Tchad – manifestations du 20 octobre : prison ferme pour 262 personnes
À l’issue d’un procès de masse à huis clos, la justice a prononcé des peines de deux à trois ans de prison ferme pour 262 des manifestants arrêtés lors des rassemblements meurtriers d’octobre dernier.
Les manifestations durement réprimées du 20 octobre 2022 au Tchad ont fait une cinquantaine de morts. © AFP
C’est en plein désert, dans la prison de haute sécurité de Koro Toro, à 600 km au nord-est de la capitale, qu’un tribunal a rendu son verdict : deux à trois ans de prison ferme pour 262 personnes arrêtées lors de la manifestation dont la répression a fait des dizaines de morts fin octobre.
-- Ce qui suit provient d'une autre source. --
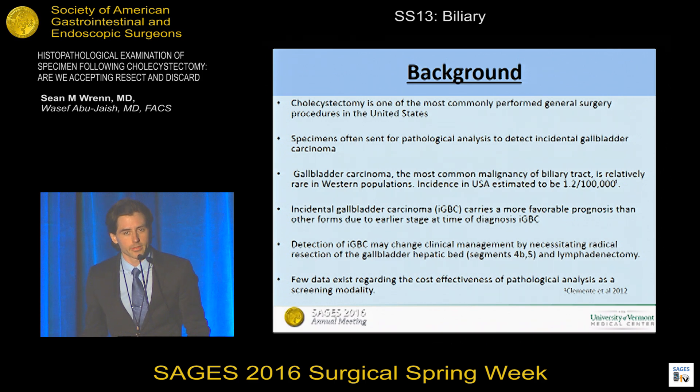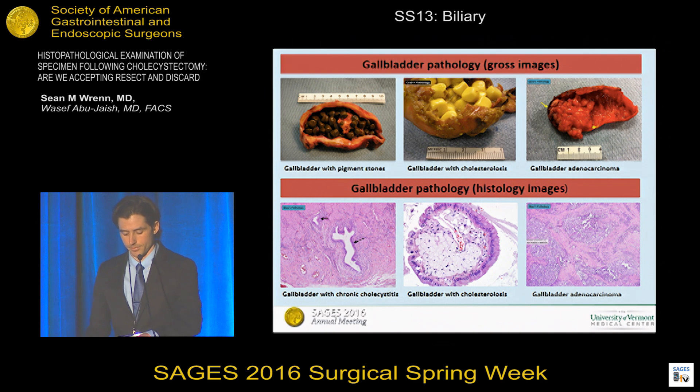The prognosis of gallbladder carcinoma is very dismal with a low five-year survival. However, the subpopulation detected incidentally after cholecystectomy has a relatively favorable prognosis because it's caught early. Here we can play pathologist for a moment and evaluate both gross and histological images of the gallbladder as it is sent after surgery. On the left, we see common pathology such as cholelithiasis and cholesterolosis; on the right, we see an advanced gallbladder adenocarcinoma.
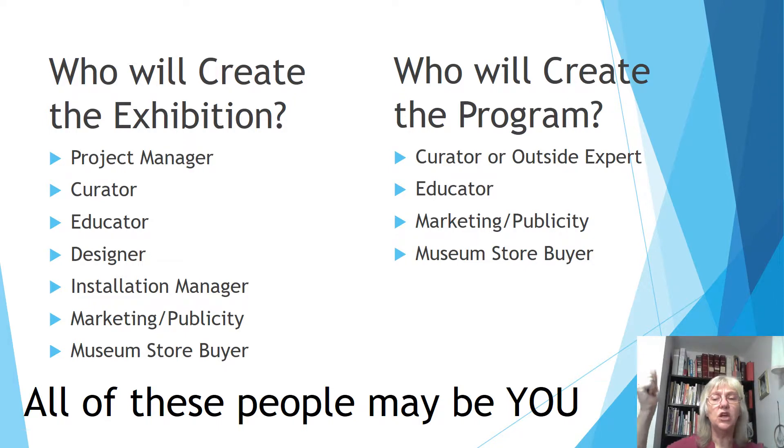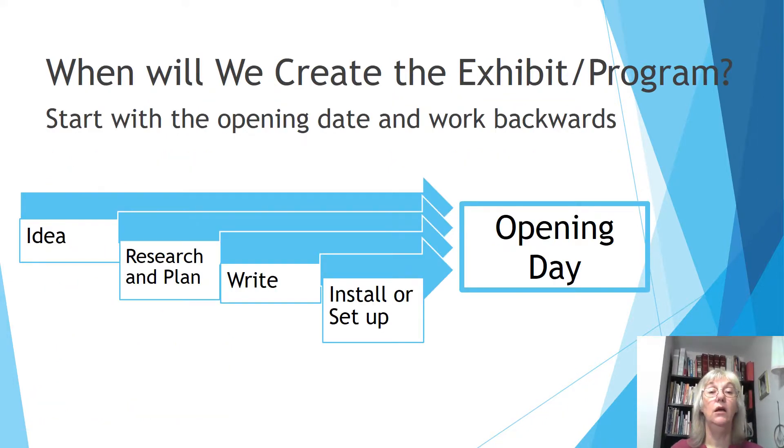What would the curator think about this? But would the educator like it? How would we market this? These are all things you've got to think about as you're planning. And if it's just you, then you've got to plan it with just you. When will you create the exhibition or program? Start with the opening day or the event date and work backwards. You want it to open by a certain date — you've got to install it or set it up, get all the supplies, get the chairs lined up. You've got to write it, research and plan it.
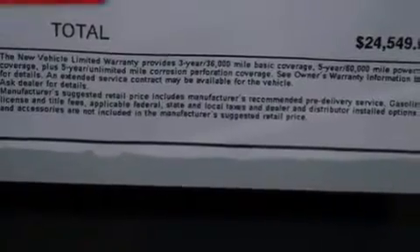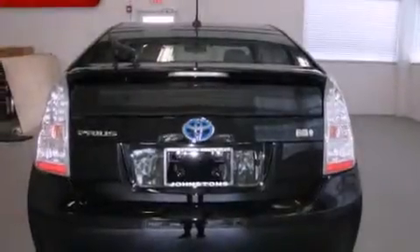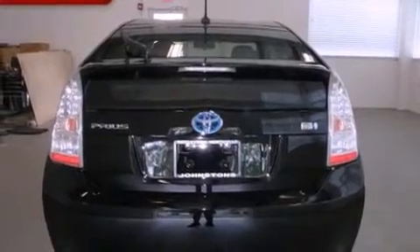Its top features include air conditioning, cruise control, heated side view mirrors, a CD player, a rear spoiler, and an illuminated driver's side vanity mirror.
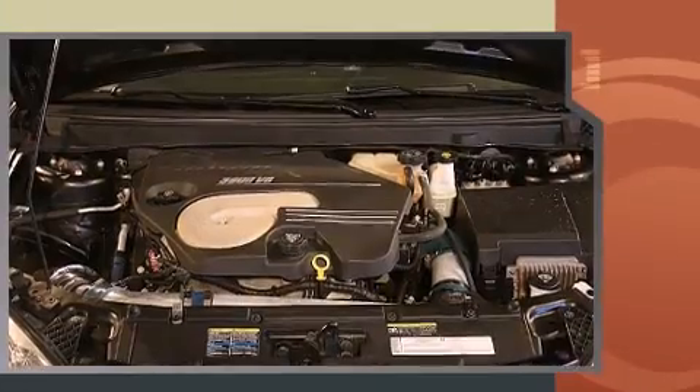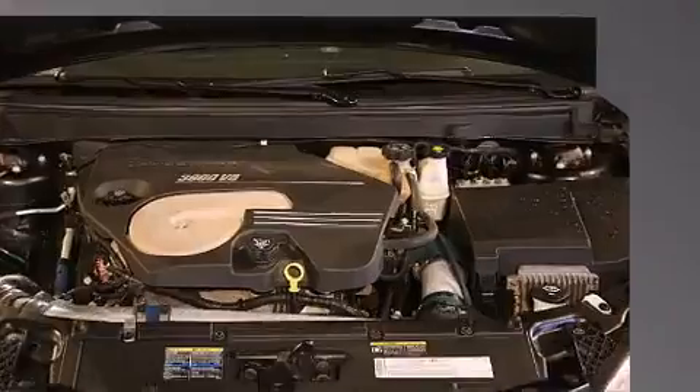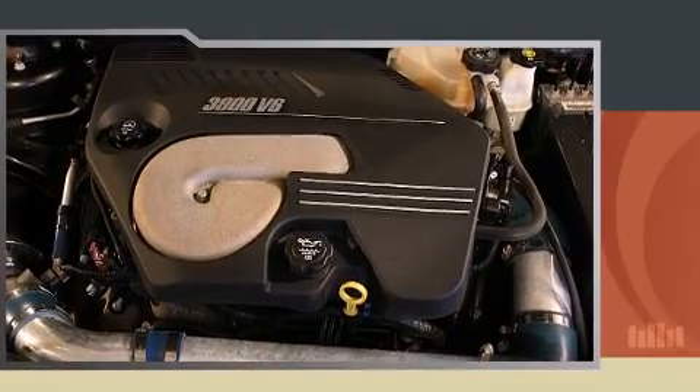Top features include cruise control, fully automatic headlights, remote keyless entry, and a split folding rear seat.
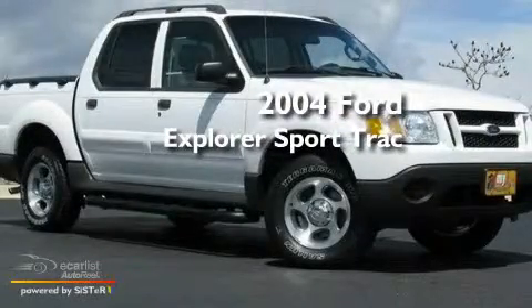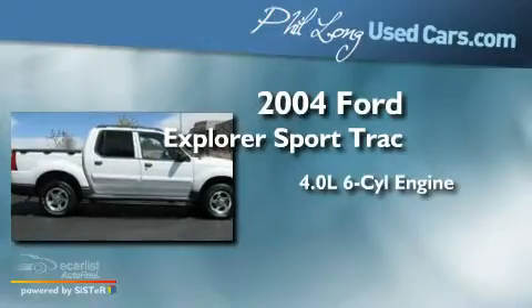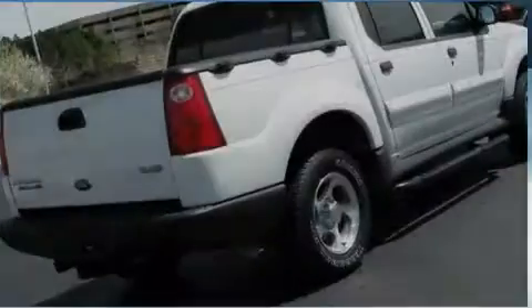This is a 2004 Ford Explorer. It features a 4.0-liter six-cylinder engine, an automatic transmission, and four-wheel drive.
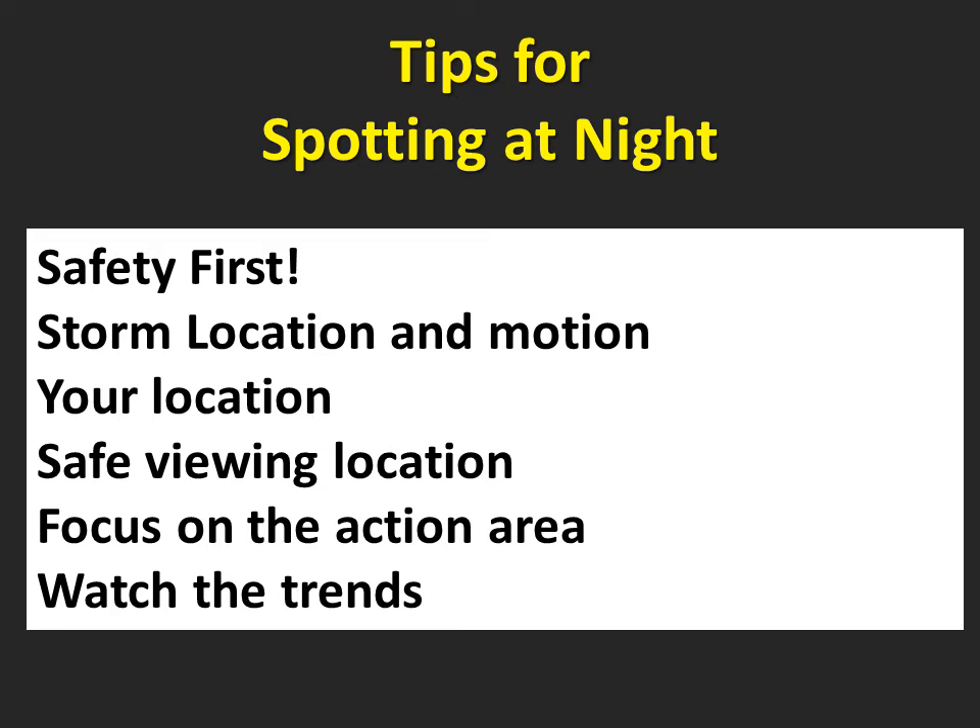Mobile spotters must have a safe viewing location, well off the road and safe from other motorists and other hazards. Using radar data and your knowledge about storm structure, try to focus in on the action area. For a supercell, this would be the updraft area. It will be nearly impossible to see rotation using lightning, so watch any suspicious cloud features to see how they change over time. Trends can be important indicators that a cloud feature is becoming more organized or more dangerous.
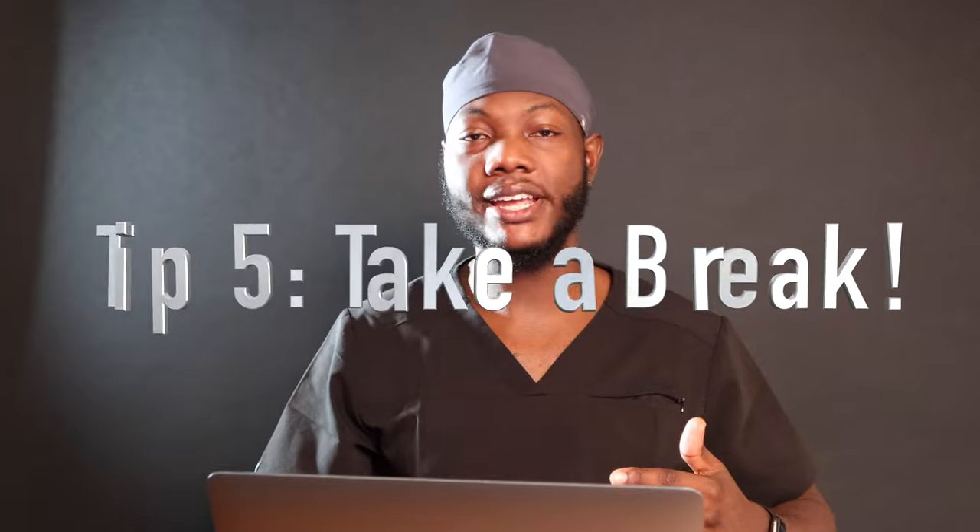My fifth and final tip for incoming dental students: take breaks. You cannot study all day and all night every day — it's not sustainable and it's not going to work. You will achieve burnout very fast. Take mental breaks whenever you need to. My personal rule was: if I had an exam that day, I was not studying after I took it. I'm not going to start studying for the next exam right after finishing one. Take a break. Your brain is tired and needs to rejuvenate so you can actually learn something.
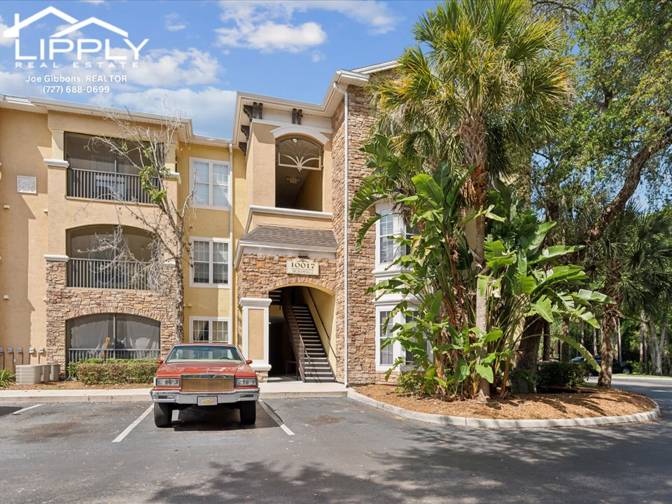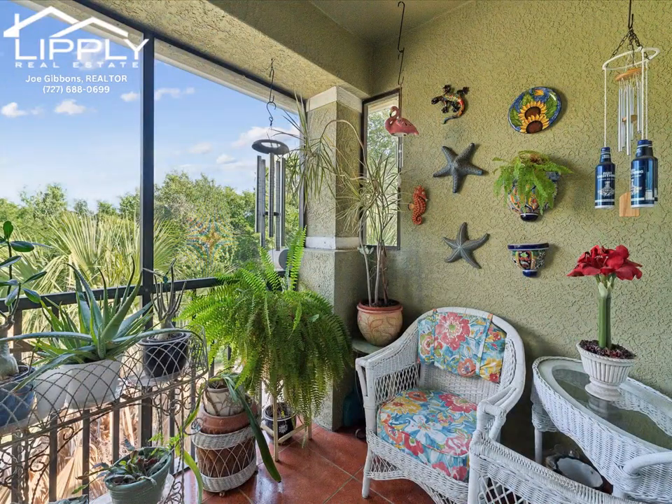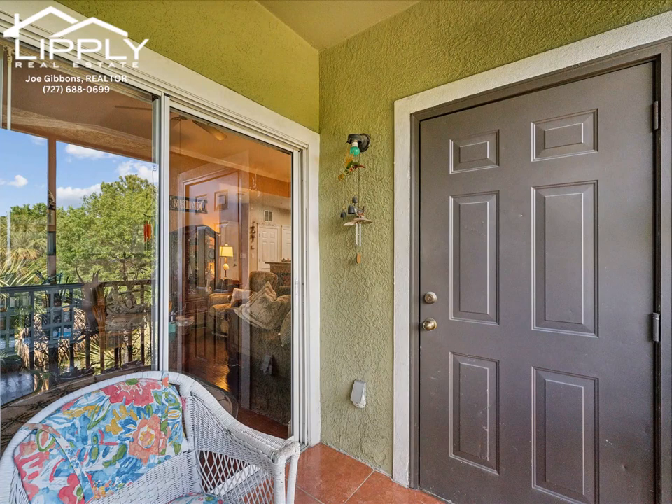Courtney Palms is a peaceful gated community with scenic trails that wind through picturesque lakes and majestic oaks. Elegant tropical landscaping, fountains, and charming architecture complete the picture, and it's pet friendly too.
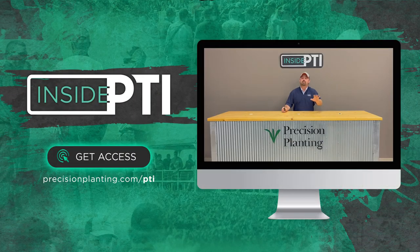That's all the time we have for today. Thanks so much for watching. We will see you on the next episode of Inside PTI.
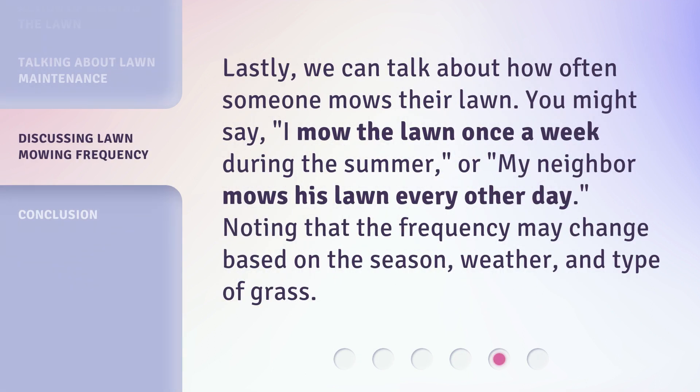Lastly, we can talk about how often someone mows their lawn. You might say, "I mow the lawn once a week during the summer," or, "My neighbor mows his lawn every other day." Noting that the frequency may change based on the season, weather, and type of grass.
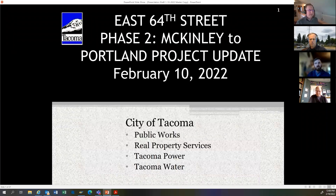I'm Chris Story, project manager for the E64th Street project. Welcome to today's update meeting on the project, specifically Phase 2, which is McKinley to Portland. With me today are Jacob Hammes, design engineer from Public Works; Troy Stevens from Real Property Services; Joe Rempe from Tacoma Power; and Katie Lindberg from Tacoma Water. We'll be covering background on the project, where it's going, and the anticipated schedule. This is a one-hour event — noon to one — and I'm expecting the presentation to take about 20 minutes, followed by questions.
Quelque 80 autres sur les 401 personnes jugées lors de ce procès tenu à huis clos, sans avocats ni médias indépendants, ont écopé de un à deux ans d’emprisonnement avec sursis, et 59 ont été relaxées, a précisé à la presse, le lundi 5 décembre, le procureur de la République de N’Djamena, Moussa Wade Djibrine.
Le procès a duré quatre jours et s’est achevé le vendredi 2 décembre, mais le procureur n’a rendu public le jugement que trois jours plus tard, à son retour dans la capitale.
Le 20 octobre dernier, une cinquantaine de personnes ont péri, essentiellement à N’Djamena, quand les forces de l’ordre ont ouvert le feu sur les manifestants. Ceux-ci répondaient à l’appel de l’opposition contre la prolongation de deux ans au pouvoir du général Mahamat Idriss Déby Itno, proclamé chef de l’État le 20 avril 2021 à l’annonce de la mort de son père, le président Idriss Déby Itno, tué au front.
C’EST UNE PROCÉDURE DE DÉPAYSEMENT « ILLÉGALE » SELON LES AVOCATS, QUI ONT DÉCIDÉ DE NE PAS SE RENDRE AU PROCÈS
Les autorités avaient reconnu l’arrestation de 601 personnes – dont 83 mineurs – pour la seule ville de N’Djamena et annoncé leur transfert dans la prison de haute sécurité de Koro Toro, les accusant d’avoir voulu mener une « insurrection » et une tentative de « coup d’État ». Les manifestants condamnés ce vendredi ont été reconnus coupables notamment « d’attroupement non autorisé, destruction de biens, incendie volontaire, violence et voies de faits et trouble à l’ordre public », selon le procureur.
Ce procès s’est déroulé dans le bagne de Koro Toro, et il s’agit d’une procédure de dépaysement « illégale », selon les avocats des accusés, qui avaient décidé de ne pas s’y rendre. Amnesty International avait pour sa part dénoncé « un procès à huis clos qui soulève de sérieuses inquiétudes concernant le respect du droit à un procès équitable […] du droit de préparer sa défense […] du droit à un procès public […] et du droit à l’information » du public.
L’ordre des avocats en grève
L’ordre des avocats s’était mis en grève sur tocut le territoire avant l’ouverture et pour la durée du procès, dénonçant l’ »arbitraire et l’injustice » d’une « parodie de procès ». Il a annoncé une reprise des plaidoiries à partir de mardi. Sur les quelque 600 personnes arrêtées pendant et après la manifestation à N’Djamena, les cas de plus de 200 sont encore sous le coup d’une enquête menée par des juges d’instruction, a précisé le procureur.
Après les manifestations, l’opposition – dont les principaux leaders sont aujourd’hui cachés ou en exil –, des ONG locales et internationales ainsi qu’une partie de la communauté internationale – Union européenne (UE) et Union africaine (UA) en tête – avaient condamné un recours excessif à la violence « contre les civils ». Ce lundi, le gouvernement a annoncé la levée de l’état d’urgence décrété à dans la capitale et plusieurs villes du pays au soir du 20 octobre.